Herkesin (ama herkesin) ruh hallerinin çok çok karışık olduğu, içinden geçtiğimiz şu zamanlarda daha sergiyi kurmamız bitmemişken içeri girmeye başlamış izleyici kitlemiz bizi bir hafta boyunca hiç yalnız bırakmadı. Basında ve sosyal medyada azıcık çıkan tanıtımlarımıza rağmen oraya bilerek yahut bilmeyerek gelen herkese ve en önemlisi onları tekrar tekrar geri getirebilen sergimize şöyle bir uzaktan bakınca belli ki biz de iyi bir şeyler yapmışız dedirtti. Nasıl mı? Negt ve Kluge’nin gerçek kamusal alanı tanımlarken kullandığı tecrübe alanı tanımını ilk elden bir hafta boyunca yaşadık. Alışılageldiği üzere sadece bizim yani sergi ekibinin aktardığı bir tecrübeden bahsetmiyorum. Gelenlerin de tecrübelerini paylaşabildikleri hatta herkesin tecrübeleriyle gelişen ve dönüşen atölyeleriyle, dışarıda top oynayan çocuğun da, işten eve dönerken uğrayanın da, hafta sonu gezmesindeki bir ailenin de beraber deneyimlediği bir alan oldu sergimiz. Sanat severi de geldi, şimdiye kadar sanatla pek işi olmamışı da, ama en önemlisi sergimiz herkesi aynı yerde kapsayabildi. Galiba ondan bir gelen bir daha geldi, galiba ondan açılışından gayrı pek uğrayanı olmayan bilindik sergi düzeninden sıyrılıp her günü dolu dolu geçirdik. Tam anlamıyla ilişkilendik ve sergimiz Bourriaud’un ilişkisel aygıtı olarak işlev görürken ilişkisel estetiği deneyimlememize olanak verdi. Bu deneyimi Lacy üzerinden asla tam içime sinen bir çevirisini bulamadığım, kendisinin kamusal alandaki sanat pratiklerini tanımlarken kullandığı “engagement” kavramı üzerinden de düşünebiliriz belki. Ya da Groys’un gözün egemenliğindeki, dokunulmaya, içine girilmeye korkulan modernist estetiğin karşısına koyduğu işlevsel estetik kavramıyla… Ama hepsinin ortaklaştığı yer birlikte -sanatçısıyla, izleyicisiyle- bir deneyim yaşamak. O gerçek kamusal alanı yani tecrübe alanını kurabilmek. Bir hafta gibi kısa bir sürede ve sınırlı tanıtımla sergimizi ortalama 1000-1500 kişi gezdi. Sonradan aklımıza gelip de koyduğumuz sergi deneyim defterinde yazanların ortaklaştığı yerse şimdiye kadar hiç böyle bir sergi deneyimlemedikleri üzerineydi. Çok mutlu bir şaşkınlık yaşadık ve ağzımız kulaklarımızdayken şunu fark ettik ki bu sergi herkesin kendine özgülüğünü yaşaması için bir alan açarken o alanda birlikte var olmamızı sağlamış.

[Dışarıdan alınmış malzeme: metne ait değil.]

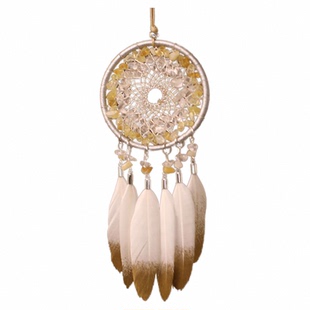 钮泡泡家印第安捕梦网挂饰室内车内汽车挂件羽毛水晶挂件吊饰装饰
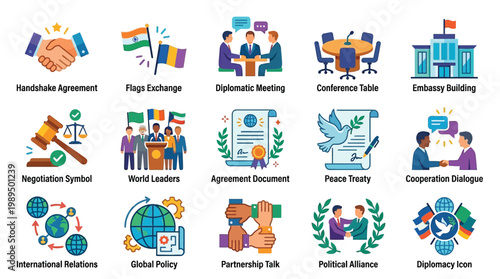 A collection of flat design icons representing international relations, diplomacy, and global cooperation, including handshakes, flags, meetings, and treaties.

Sennett, R. (2010), Kamusal İnsanın Çöküşü, 3. bs., Ayrıntı Yayınları, İstanbul.
Negt, O., Kluge, A. (2004), “Kamusal Alan ve Tecrübe’ye Giriş”. Kamusal Alan, ed. Meral Özbek. İstanbul: Hil Yayınları, 133-140.
Lacy, S. (1995), “Cultural Pilgrimages and Metaphoric Journeys”. Mapping the Terrain, ed. Suzanne Lacy. 2. bs. Seattle, Washington: Bay Press, 19-49.
Bourriaud, N. (2005), İlişkisel Estetik. İstanbul: Bağlam Yayıncılık.
Groys, B. (2017), Akışta: İnternet Çağında Sanat, İstanbul: Koç Üniversitesi Yayınları.